L’Europe a été une terre de conquête pendant des décennies et sera bientôt majoritairement musulmane, en particulier dans les nations rebelles comme la Grande-Bretagne, la France et l’Allemagne.
Leur trahison de Notre Seigneur Jésus-Christ et leurs crimes contre la Loi de Dieu crient vengeance vers le Ciel et ne resteront pas impunis.
Mais l’Italie n’est pas moins coupable, oubliant le patrimoine glorieux dont elle a été la gardienne et qui se fonde sur la Civilisation Catholique, sur la Royauté du Christ, sur un ordre cosmique qui place au centre le Dieu qui s’est fait homme, et non l’homme qui s’est fait dieu. Comme cela a toujours été le cas tout au long de l’histoire, ce seront les ennemis de Dieu qui puniront Ses enfants rebelles.
Revenir à Lépante ? Reconstituer une Ligue Sainte contre les ennemis de la Chrétienté ? La Providence saura nous montrer le chemin au bon moment.
Mais quelle que soit la situation dans laquelle nous nous trouvons, quelle que soit l’adversité, quelle que soit la menace qui pèse sur notre Foi et notre identité, nous ne devons pas oublier une seule chose, les raisons de la Victoire : ne pas se soustraire à notre devoir de témoigner de la Foi que nous professons, du Baptême dans lequel nous avons été incorporés dans le au Christ, de la Tradition à laquelle nous appartenons.
Ne trouver aucune excuse pour rester les bras croisés et regarder les ennemis du Christ démolir la Sainte Église, surtout lorsque ces traîtres sont au sommet de la Hiérarchie.
Ne pas se servir de l’obéissance comme d’une couverture sous laquelle cacher la paresse et la médiocrité que la société contemporaine nous indique comme des modèles de conformité rassurante à la pensée unique. Faisons notre part, avec le courage et la force des soldats du Christ, et Notre-Seigneur fera la Sienne, avec la toute-puissance de Dieu.

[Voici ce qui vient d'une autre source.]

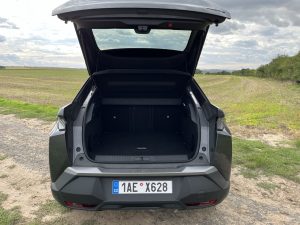 Peugeot 3008 Hybrid: foto Žena v autě.cz_4177 ve velké velikosti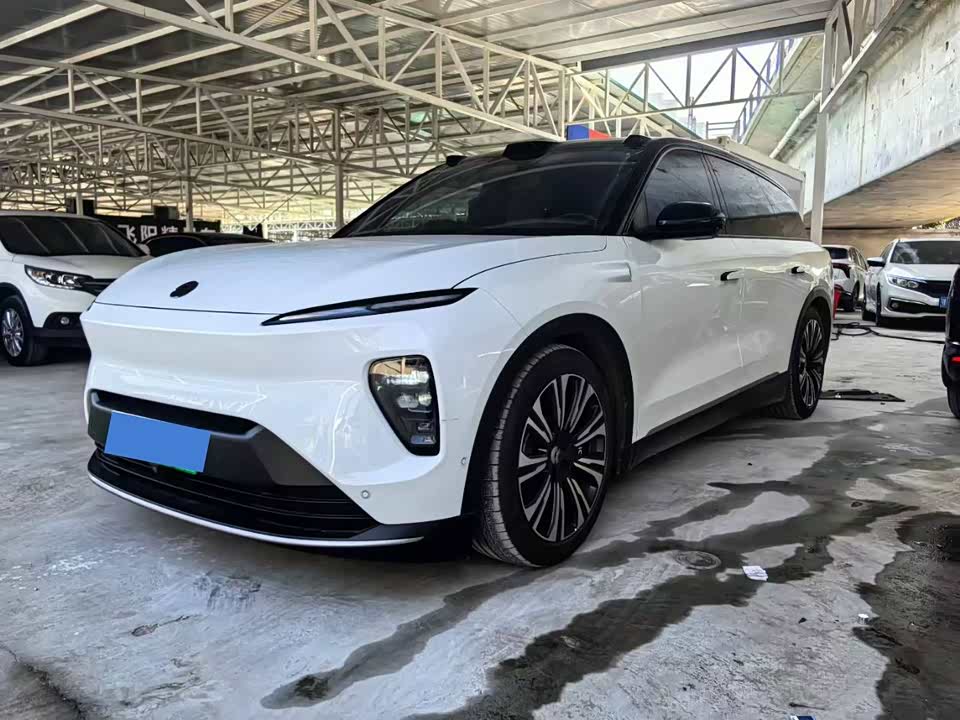 NIO ES8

+ Carlo Maria Viganò, Archevêque
7 octobre MMXXV, Marie Très Sainte Reine des Victoires, Notre-Dame des Grâces
© Traduction de F. de Villasmundo pour MPI relue et corrigée par Mgr Viganò
Notes de bas de page
[1] Sa peau a ensuite été récupérée par les Vénitiens et emmenée à Venise, où elle est conservée dans la basilique des saints Jean et Paul comme une relique. Bragadin est devenu un symbole du sacrifice vénitien contre l’expansion ottomane.

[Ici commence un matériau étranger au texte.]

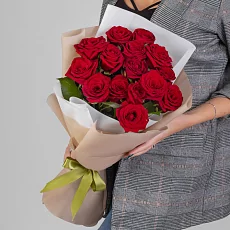 15 Красных Роз Эквадор в упаковке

[2] Paul VI, Discours au nouvel Ambassadeur de Turquie près le Saint-Siège, 19 janvier 1967. https://www.vatican.va/content/paul-vi/it/speeches/1967/january/documents/hf_p-vi_spe_19670119_ambasciatore-turchia.html : « Ayant voulu manifester nous-mêmes nos sentiments d’une manière ou d’une autre, par un geste qui puisse plaire aux autorités de la Turquie contemporaine, ce fut une joie pour Nous de rendre un ancien étendard, pris lors de la bataille de Lépante, et qui, depuis lors, a été conservé dans les collections du Vatican. »

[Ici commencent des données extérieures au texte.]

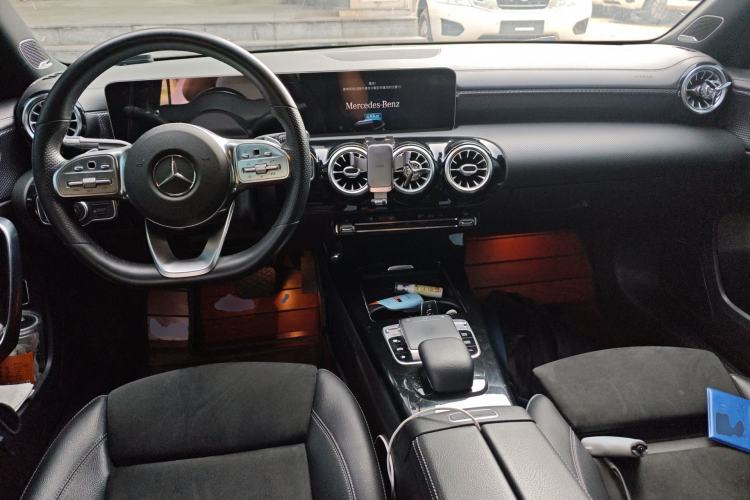 Used Mercedes-Benz A-Class 2019 A 200 L Sport Sedan Center Console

[3] D’abord conservé dans une malle, il a été étiré et encadré au XVIIIe siècle, afin de pouvoir être exposé au public. En 1943, une bombe allemande l’endommagea, mais pas irrémédiablement. Restauré après la guerre, l’étendard de Lépante est aujourd’hui conservé – et visible au public – au musée diocésain de la ville du Latium.